John acknowledged that the Company proposed pay rates, as initially compared to the MTA pay rates, are eye watering. However, what no one appears to be calculating is given that the MTA rates are the floor, what’s the ceiling? What’s the risk of getting there and what’s the cost in the rest of the contract to accept the Company proposed pay rates?
He stated that if we ratify the Company proposal we can see in black and white what our pay rates will be. We also know our contract will be extended by a year, at best we get equal value for our work rule exchanges and will get no changes to important items like Calendar Day, LTD, Insurance, etc. In addition, you will have agreed to an item which no one understands the implications of - excise tax.
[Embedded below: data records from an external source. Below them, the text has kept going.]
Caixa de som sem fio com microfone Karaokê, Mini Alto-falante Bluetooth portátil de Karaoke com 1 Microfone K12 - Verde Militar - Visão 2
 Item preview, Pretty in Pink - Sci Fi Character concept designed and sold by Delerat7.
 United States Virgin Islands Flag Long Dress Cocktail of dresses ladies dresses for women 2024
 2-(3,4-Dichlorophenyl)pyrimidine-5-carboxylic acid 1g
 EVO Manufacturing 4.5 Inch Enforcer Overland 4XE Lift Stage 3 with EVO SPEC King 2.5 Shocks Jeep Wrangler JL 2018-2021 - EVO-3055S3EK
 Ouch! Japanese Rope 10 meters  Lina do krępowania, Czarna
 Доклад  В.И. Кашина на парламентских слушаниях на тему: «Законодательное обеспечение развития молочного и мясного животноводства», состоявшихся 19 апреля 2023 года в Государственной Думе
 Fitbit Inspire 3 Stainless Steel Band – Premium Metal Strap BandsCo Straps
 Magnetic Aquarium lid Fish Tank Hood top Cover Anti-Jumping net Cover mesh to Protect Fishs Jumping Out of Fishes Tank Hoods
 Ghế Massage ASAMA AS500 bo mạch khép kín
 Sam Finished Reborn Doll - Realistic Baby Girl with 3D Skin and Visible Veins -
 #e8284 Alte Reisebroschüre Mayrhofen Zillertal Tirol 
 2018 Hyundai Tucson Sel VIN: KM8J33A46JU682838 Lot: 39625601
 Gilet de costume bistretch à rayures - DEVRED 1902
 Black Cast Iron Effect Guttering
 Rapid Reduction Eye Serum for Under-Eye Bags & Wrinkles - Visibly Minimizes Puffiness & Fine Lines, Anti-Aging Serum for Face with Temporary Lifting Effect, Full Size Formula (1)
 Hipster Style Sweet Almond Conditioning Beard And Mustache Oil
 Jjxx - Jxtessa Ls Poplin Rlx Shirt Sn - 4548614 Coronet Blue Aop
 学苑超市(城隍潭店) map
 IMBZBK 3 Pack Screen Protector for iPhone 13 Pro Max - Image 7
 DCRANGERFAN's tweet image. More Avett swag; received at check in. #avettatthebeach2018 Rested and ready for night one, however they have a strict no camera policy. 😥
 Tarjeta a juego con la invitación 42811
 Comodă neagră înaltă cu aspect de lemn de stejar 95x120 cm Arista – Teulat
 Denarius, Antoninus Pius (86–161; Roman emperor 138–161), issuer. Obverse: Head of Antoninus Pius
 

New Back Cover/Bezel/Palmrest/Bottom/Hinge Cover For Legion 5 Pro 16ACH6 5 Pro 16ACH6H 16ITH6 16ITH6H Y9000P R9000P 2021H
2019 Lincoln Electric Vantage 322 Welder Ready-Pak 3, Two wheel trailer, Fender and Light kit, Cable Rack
If the agreement is rejected, we will receive a minimum 14.3% pay raise in January 2016. Our agreement will be one year shorter and negotiations begin two years earlier. Based on comments by APA’s legal counsel and Mr. Parker’s comments on Crew News, neither expects arbitration to result in work rule changes. Additionally, there will be no excise tax exposure moving forward as restricted by our current agreement.
So the million-dollar question of everyone, is what’s next? John stated
no one can accurately predict what will happen. There are only possibilities. What he acknowledged is that if the agreement is rejected you will get a 14.3% pay raise, nego- tiate earlier, and have the ability to negotiate moving forward IF the Company wants any of their items.
What he then described were possibilities. Everyone is free to come up with their own examples or own reason why his or others examples will or will not work, but after lis- tening to John most in the room agreed it was possible. (Doesn’t mean it will happen).
John said once arbitration is done if there are to be any changes to work rules the union and Company must meet to negotiate those changes. Realizing if the Company seeks no changes our current contract remains intact. What John pointed out was that, for the first time since 1991, our negotiating committee will be at the table negotiating without a backstop threat, a 1998-PEB, a 2003-potential BK, a 2012-BK or the 2015-Arbitration. He stated that after arbitration the negotiating committee would then be ne- gotiating on a level playing field without any post-negotiation threats. This will allow
the union to negotiate for those items it believes are important, not just the items the Company is willing to exchange with APA.